The download section accommodates the contextual databases, individual genome and metagenome related sequences, and BLAST databases. Contextual information for all entries/samples exists as TSV and XML files which are available for the current and prior release versions. In MarRef and MarDB sequences of individual genomes are grouped according to their names and contained in separate folders where assembly, nucleotide and protein data are accessible as FASTA files. A general feature format file is also provided for each genome. The full collection of contigs/scaffolds, nucleotide and protein sequences for the BLAST databases are accessible in the same directory tree and may also be downloaded freely. For samples in the MarCat database, all predicted 16 S sequences and assembled contigs in FASTA format can be downloaded.

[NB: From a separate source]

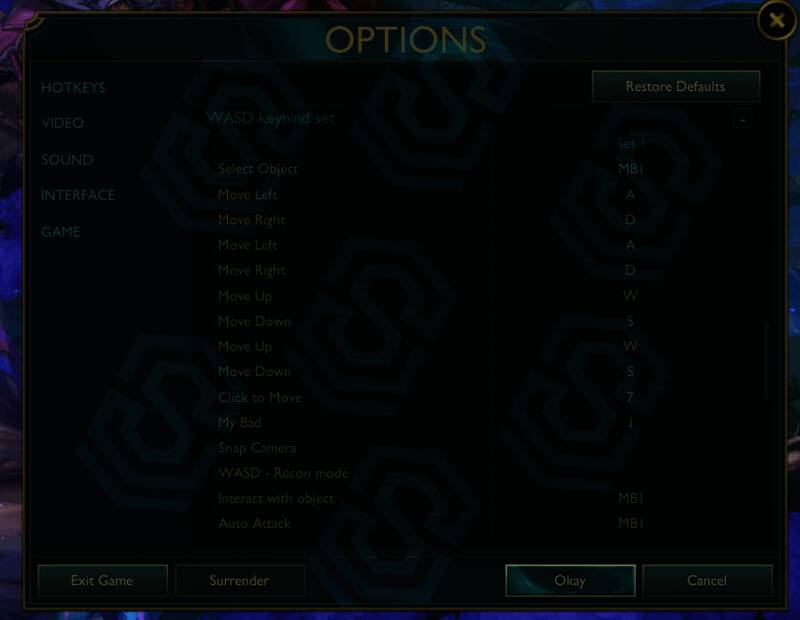 游戏内角色使用WASD操作演示画面，展现流畅走位效果
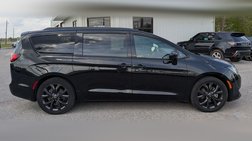 2020 Chrysler Pacifica Touring L Plus 35th Anniversary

In addition, an output file from META-pipe containing all annotated contigs in the sample is also provided together with the individual predicted genes and protein sequences in FASTA format.

ONGOING DEVELOPMENTS

The ongoing activities can be classified into three broad categories: (i) acquisition of data, (ii) ontologies and CV and (iii) linked data and interoperability

Acquisition of sequence and contextual data

The collection of data from publicly available resources will continue. However, due to increasing amount of genomic and metagenomic sequence- and metadata, development of automatic and semi-automatic import tools that generate metadata for the curation database will be improved in order to build more efficient import pipelines. In this first version of the MarRef and MarDB databases, only prokaryote genomes have been included. In the future, we aim to include virus, eukaryote microbial genomes and transcriptome data. In addition, we aim to include metatranscriptomics data to enhance the quality of the MarCat.

Ontologies and controlled vocabularies

To enhance the curation efficiency and to provide a better reliability of the datasets, the number of metadata fields will be increased with ontologies and CV. This effort will not only streamline the manual curation, but also provide data robustness and easier aggregation and analysis. For MarCat we intend to include metadata fields for the provenance of analysis according to the recommendation by Hoopen et al. (24), which includes metagenomics analysis metadata such as filtering, assembly, taxonomy, gene prediction and functional assignment.

Linked data and interoperability

In order to expose and share the curated data, we are currently working together with EMBL-EBI to link the MAR database records to the BioSample and INSDC databases. To improve data interoperability, we intend to implement schema.org markup, so that MMP websites and services contain more structured information. This structured information will make it easier for the end user to discover, collate and analyze our data. We also aim to improve better systems for downloading single records or multiple records selected by searching or filtering of the datasets.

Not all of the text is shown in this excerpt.